PROVIDED DATA:
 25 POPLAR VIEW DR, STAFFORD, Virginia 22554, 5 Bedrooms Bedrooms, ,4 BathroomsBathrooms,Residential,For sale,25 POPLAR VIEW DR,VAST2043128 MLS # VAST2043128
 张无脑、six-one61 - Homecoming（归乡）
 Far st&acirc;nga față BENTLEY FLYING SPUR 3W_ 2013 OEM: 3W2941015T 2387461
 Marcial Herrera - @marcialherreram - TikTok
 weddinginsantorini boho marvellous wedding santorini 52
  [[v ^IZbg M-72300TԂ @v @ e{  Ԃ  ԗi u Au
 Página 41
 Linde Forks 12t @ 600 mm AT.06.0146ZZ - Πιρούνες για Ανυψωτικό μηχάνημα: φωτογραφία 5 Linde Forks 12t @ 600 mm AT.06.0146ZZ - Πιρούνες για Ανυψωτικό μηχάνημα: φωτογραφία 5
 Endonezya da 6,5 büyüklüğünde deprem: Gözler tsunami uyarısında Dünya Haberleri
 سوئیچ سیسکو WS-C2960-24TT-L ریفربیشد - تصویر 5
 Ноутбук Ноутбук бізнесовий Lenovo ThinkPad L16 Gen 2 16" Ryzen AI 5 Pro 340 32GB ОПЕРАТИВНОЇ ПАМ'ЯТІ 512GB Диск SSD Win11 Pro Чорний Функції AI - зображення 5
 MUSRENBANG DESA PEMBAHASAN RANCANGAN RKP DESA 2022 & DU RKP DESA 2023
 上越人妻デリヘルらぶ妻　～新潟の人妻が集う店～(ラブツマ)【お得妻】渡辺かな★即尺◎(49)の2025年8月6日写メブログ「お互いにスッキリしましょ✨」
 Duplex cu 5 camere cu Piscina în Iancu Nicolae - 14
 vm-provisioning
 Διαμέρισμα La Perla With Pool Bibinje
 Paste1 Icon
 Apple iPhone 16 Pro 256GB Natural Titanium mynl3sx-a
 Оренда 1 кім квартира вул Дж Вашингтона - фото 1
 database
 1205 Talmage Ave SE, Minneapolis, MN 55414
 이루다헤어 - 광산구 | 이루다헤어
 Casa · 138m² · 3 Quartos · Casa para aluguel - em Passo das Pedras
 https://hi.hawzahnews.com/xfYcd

HOW TO COMPLETE THIS TASK: Above this instruction are the records; retype exactly the lines from the one containing "Duplex cu 5" up to and including the one containing "이루다헤어 - 광산구 | 이루다헤어".

SOLUTION FOR THIS EXERCISE:
 Duplex cu 5 camere cu Piscina în Iancu Nicolae - 14
 vm-provisioning
 Διαμέρισμα La Perla With Pool Bibinje
 Paste1 Icon
 Apple iPhone 16 Pro 256GB Natural Titanium mynl3sx-a
 Оренда 1 кім квартира вул Дж Вашингтона - фото 1
 database
 1205 Talmage Ave SE, Minneapolis, MN 55414
 이루다헤어 - 광산구 | 이루다헤어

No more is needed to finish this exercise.